REQUIREMENT
Only certain lines below are wanted: those starting at the line containing "Williamsburg’s Derek Weisskopf" and ending at the line containing "USA, New Jersey, Jersey", both included, each retyped exactly.

Recorded data:
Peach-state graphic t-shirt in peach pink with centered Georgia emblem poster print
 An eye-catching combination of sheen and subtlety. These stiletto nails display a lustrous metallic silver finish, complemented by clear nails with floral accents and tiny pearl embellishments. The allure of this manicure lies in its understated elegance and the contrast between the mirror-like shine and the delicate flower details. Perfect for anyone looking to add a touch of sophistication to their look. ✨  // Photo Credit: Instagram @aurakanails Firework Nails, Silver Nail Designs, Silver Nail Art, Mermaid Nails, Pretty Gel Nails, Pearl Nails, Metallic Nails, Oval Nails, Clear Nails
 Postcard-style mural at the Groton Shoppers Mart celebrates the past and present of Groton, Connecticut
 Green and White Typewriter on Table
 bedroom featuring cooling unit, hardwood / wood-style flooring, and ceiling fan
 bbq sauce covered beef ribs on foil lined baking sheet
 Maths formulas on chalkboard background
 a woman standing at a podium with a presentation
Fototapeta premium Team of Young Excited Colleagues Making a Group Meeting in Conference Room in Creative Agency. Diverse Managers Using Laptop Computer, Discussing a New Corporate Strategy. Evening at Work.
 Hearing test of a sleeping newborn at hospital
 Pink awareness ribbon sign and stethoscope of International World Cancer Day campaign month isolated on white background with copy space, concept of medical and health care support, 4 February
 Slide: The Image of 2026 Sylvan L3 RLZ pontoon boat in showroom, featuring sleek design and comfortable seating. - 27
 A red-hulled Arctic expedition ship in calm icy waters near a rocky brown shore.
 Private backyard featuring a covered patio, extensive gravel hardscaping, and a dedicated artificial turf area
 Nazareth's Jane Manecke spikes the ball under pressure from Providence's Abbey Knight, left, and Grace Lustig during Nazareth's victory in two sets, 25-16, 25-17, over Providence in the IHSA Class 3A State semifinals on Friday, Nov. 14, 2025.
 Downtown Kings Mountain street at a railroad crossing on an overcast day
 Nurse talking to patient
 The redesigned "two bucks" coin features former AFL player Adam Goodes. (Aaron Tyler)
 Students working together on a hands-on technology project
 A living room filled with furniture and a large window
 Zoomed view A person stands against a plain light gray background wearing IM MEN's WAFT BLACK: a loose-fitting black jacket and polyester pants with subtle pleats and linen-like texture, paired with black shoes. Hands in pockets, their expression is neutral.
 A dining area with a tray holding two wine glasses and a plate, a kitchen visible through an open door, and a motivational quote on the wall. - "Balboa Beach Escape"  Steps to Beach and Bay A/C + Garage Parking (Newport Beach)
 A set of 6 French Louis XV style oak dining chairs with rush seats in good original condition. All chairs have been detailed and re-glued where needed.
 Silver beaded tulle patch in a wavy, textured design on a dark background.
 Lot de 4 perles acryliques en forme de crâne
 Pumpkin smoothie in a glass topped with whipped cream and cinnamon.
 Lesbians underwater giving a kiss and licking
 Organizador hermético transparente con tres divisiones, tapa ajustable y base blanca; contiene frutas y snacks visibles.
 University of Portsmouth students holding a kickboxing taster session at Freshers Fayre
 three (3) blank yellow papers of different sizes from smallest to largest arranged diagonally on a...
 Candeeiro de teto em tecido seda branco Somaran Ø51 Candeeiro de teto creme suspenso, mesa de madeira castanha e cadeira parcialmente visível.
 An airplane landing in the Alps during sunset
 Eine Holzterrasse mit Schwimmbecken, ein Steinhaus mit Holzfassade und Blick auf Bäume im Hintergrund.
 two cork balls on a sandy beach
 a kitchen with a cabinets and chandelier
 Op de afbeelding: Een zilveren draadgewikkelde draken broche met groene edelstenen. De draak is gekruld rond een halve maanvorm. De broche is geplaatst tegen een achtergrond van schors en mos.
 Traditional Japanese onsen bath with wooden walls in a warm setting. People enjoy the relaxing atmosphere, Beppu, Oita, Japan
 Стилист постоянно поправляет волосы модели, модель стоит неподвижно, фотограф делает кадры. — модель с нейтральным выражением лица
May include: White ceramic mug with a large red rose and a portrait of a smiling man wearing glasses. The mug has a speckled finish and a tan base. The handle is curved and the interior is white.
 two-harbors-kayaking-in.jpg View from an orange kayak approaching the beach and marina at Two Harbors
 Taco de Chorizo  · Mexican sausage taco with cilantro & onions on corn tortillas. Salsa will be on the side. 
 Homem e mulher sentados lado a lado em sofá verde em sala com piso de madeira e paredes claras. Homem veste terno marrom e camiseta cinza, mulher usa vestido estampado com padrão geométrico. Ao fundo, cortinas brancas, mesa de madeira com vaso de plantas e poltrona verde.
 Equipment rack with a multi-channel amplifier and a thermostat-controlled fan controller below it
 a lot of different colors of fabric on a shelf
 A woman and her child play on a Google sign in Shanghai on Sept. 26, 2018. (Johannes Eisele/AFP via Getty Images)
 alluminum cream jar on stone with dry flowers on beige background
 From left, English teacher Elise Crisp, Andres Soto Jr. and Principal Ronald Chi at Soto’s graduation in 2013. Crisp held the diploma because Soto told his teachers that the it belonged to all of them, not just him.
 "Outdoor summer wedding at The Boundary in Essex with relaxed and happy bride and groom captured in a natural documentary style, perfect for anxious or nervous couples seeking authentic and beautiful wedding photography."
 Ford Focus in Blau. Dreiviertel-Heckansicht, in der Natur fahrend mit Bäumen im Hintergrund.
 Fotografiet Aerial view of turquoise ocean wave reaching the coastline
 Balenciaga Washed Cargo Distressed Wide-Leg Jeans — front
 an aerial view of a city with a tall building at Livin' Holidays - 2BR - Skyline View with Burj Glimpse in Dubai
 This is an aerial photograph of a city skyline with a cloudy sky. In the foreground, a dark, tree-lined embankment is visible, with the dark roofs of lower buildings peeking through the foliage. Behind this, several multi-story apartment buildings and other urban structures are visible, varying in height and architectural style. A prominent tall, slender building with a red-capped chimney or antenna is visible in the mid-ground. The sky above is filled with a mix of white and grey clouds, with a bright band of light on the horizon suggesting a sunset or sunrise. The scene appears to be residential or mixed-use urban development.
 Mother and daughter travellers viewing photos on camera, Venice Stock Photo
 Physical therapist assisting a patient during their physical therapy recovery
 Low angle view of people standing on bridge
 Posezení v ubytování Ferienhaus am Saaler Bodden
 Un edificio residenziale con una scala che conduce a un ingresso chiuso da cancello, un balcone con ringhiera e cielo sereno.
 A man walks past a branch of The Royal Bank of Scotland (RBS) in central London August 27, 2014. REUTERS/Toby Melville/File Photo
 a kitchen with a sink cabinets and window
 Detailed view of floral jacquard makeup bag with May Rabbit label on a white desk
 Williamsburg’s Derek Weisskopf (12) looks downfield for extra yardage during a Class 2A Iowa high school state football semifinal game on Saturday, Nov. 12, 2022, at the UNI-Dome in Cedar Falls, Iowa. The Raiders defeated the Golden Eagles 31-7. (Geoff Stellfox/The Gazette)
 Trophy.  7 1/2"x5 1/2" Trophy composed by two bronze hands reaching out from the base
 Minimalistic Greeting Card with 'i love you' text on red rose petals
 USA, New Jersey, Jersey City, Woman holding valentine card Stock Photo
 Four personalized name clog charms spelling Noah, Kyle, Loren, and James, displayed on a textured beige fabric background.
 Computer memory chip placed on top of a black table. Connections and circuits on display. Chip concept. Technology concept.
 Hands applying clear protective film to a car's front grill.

RESULT OF THIS TASK
 Williamsburg’s Derek Weisskopf (12) looks downfield for extra yardage during a Class 2A Iowa high school state football semifinal game on Saturday, Nov. 12, 2022, at the UNI-Dome in Cedar Falls, Iowa. The Raiders defeated the Golden Eagles 31-7. (Geoff Stellfox/The Gazette)
 Trophy.  7 1/2"x5 1/2" Trophy composed by two bronze hands reaching out from the base
 Minimalistic Greeting Card with 'i love you' text on red rose petals
 USA, New Jersey, Jersey City, Woman holding valentine card Stock Photo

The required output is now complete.